§ Data records:
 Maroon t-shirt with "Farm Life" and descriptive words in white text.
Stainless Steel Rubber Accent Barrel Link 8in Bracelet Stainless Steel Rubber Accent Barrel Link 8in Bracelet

==

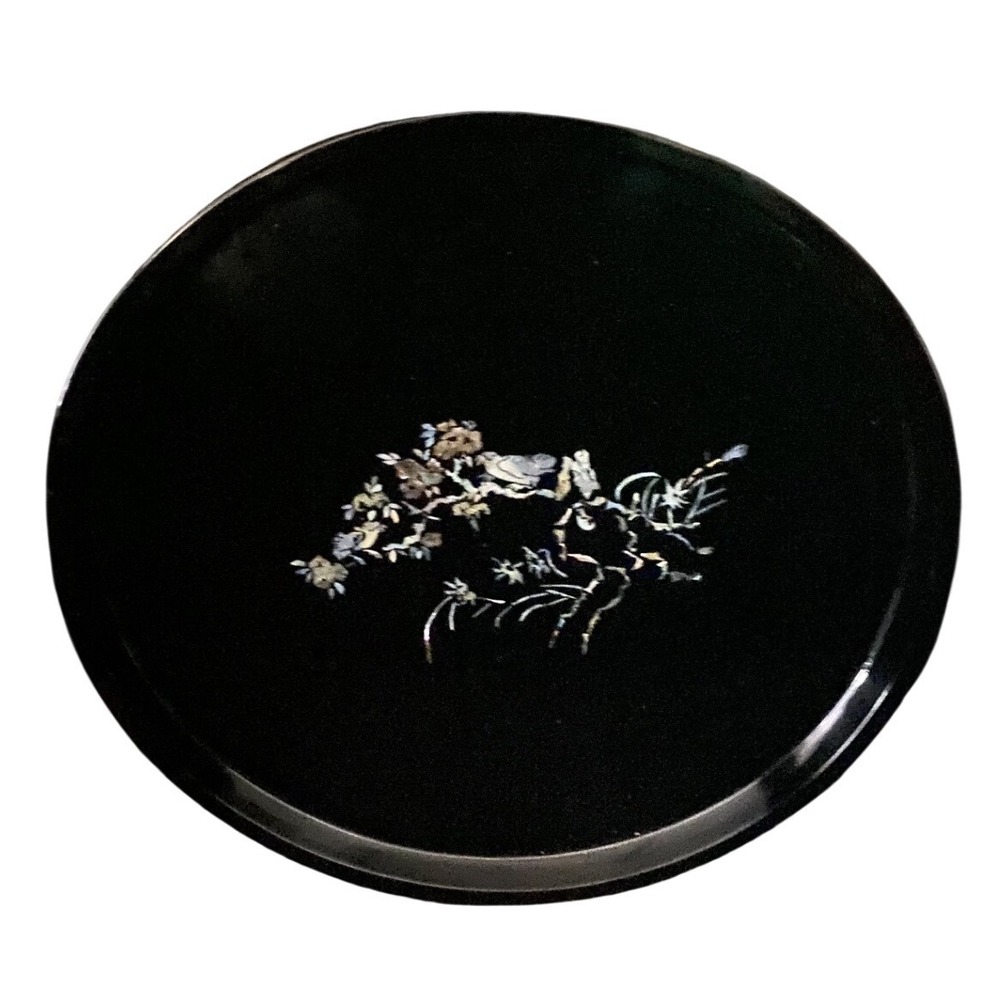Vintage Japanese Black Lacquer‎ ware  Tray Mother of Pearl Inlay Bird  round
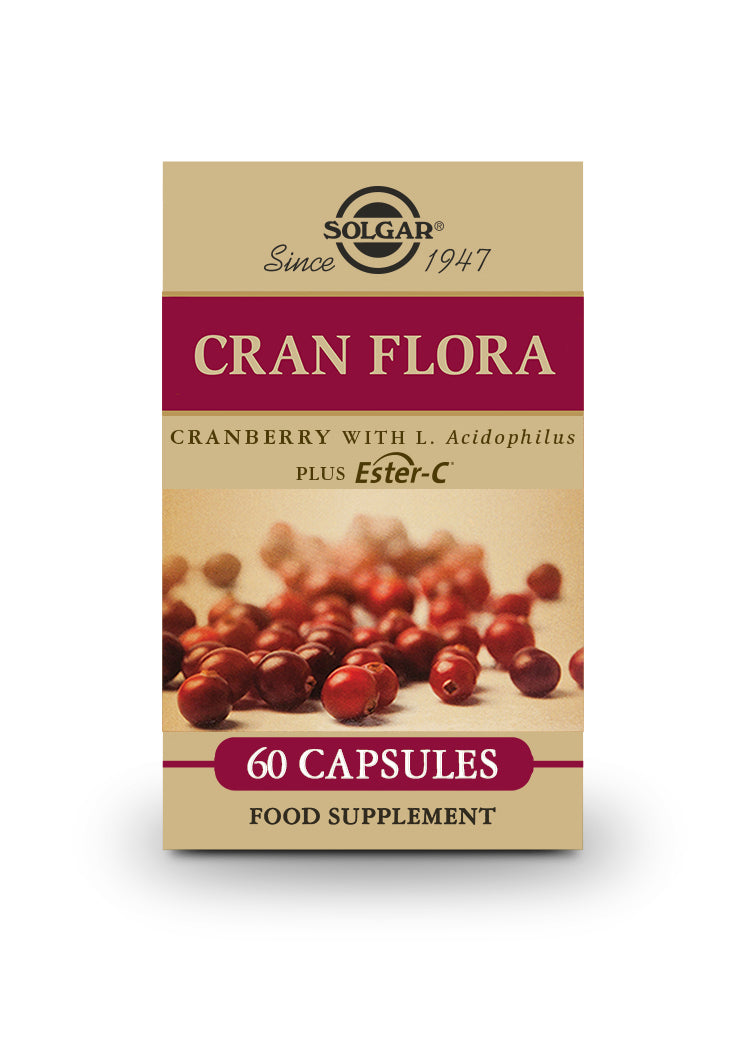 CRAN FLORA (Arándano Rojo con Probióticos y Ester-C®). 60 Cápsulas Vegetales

§ Task description:
Copy only what runs above from the line containing "Vintage Japanese Black" through the line containing "CRAN FLORA (Arándano", exactly. Leave out the pictures.

§ Solution:
Vintage Japanese Black Lacquer‎ ware  Tray Mother of Pearl Inlay Bird  round
 CRAN FLORA (Arándano Rojo con Probióticos y Ester-C®). 60 Cápsulas Vegetales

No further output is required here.